All ambulance services the same.
- Acadian is the only ambulance service in Louisiana that has earned the accreditation of both the Commission on Accreditation of Ambulance Services (CAAS) and the Commission on Accreditation of Medical Transport Systems (CAMTS). These accreditations signify that Acadian upholds the industry’s highest standards in equipment, training and medical protocols. These rigorous accreditations ensure the public that they are being cared for by the “gold standard” in ambulance services. When it’s your life or that of a loved one, quality matters.
- Acadian has resources of more than 600 ambulances, 12 medical helicopters, two ambulance buses and more than 3,500 medics, enabling us to quickly allocate extra resources to areas during natural or man-made disasters.
- Acadian is at the forefront of the newest innovations in the EMS industry, including “Treat In Place” and “Alternative Destination Transports” for non-acute patients. These alternatives save our patients time and reduce their costs.
- Acadian is the only employee-owned, fully accredited ambulance service based in Louisiana. We are your hometown ambulance company, serving Alexandria since 1995.
If one provider has a monopoly, they can charge whatever they want to.
- Acadian’s rates are either set, controlled by, or approved by the licensing authority or by local, state, or federal law. We do not, and cannot, set our rates arbitrarily in those circumstances.
- In Alexandria, our rates and 911 response times are contractually bound by the city. (They regulate and approve our rates and hold us accountable for 911 response times.

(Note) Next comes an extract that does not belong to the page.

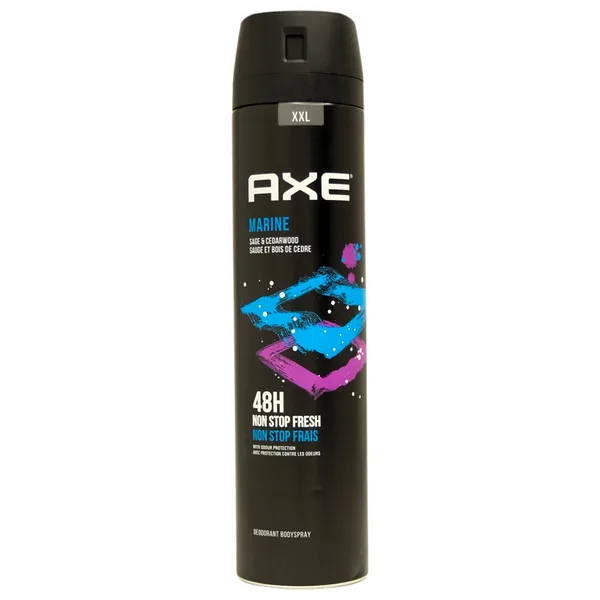 AX Marine XXL deodorante spray per il corpo da uomo 250 ml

- Medicare, Medicaid and commercial insurers also limit the amount ambulance providers charge. Acadian is enrolled in Medicare and Medicaid, and we are also in-network for more lives in the State of Louisiana than any other ambulance provider, limiting the amounts we charge and reducing patients’ out-of-pocket expenses. This is a key point because some other ambulance companies prefer NOT to be “in-network” so they can charge higher rates and secure higher payments from patients through surprise balance billing in addition to what the insurance company has already paid the provider.
Competition among providers improves service and reduces prices.

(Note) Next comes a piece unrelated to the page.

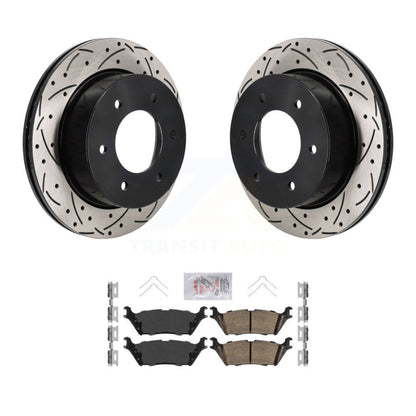 [Arrière] Disque et plaquette de frein pour 2022-2023 Ford Bronco 3.0L KDA-103193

- It can, but should occur during a formal RFP and bidding process with the goal of selecting a sole provider. That is the right time for competition among emergency response agencies, not on the streets on a patient-by-patient basis.
- This process allows local authorities to set specific guidelines and requirements for any company operating emergency EMS services. It also allows for strict oversight by the governing authority and direct accountability by the sole EMS provider.
- Each given geography has an average number of patient transports. Therefore, if you divide the number of patients between two or more providers, each provider’s ability to maintain its quality or to reduce its pricing is taken away, not increased. The costs remain the same but must be covered by a decreased number of patient transports.
- In the case of emergency ambulance service providers, the traditionally assumed benefits of competition are replaced with issues and factors that would be detrimental to a community’s ability to access fast, responsible and reliable emergency medical service and prehospital care.
- Having a single provider allows for strict compliance accountability, operational control and supervision from governing authorities, as well as consistency in care and investment in the community beyond healthcare.
Response times are better with more providers.
- In areas that have more than one ambulance provider, calls are handled on a rotational basis and do not allow for having the closest or most appropriately equipped unit respond. Therefore, it could in fact increase response times, as opposed to reducing response times to 911 calls.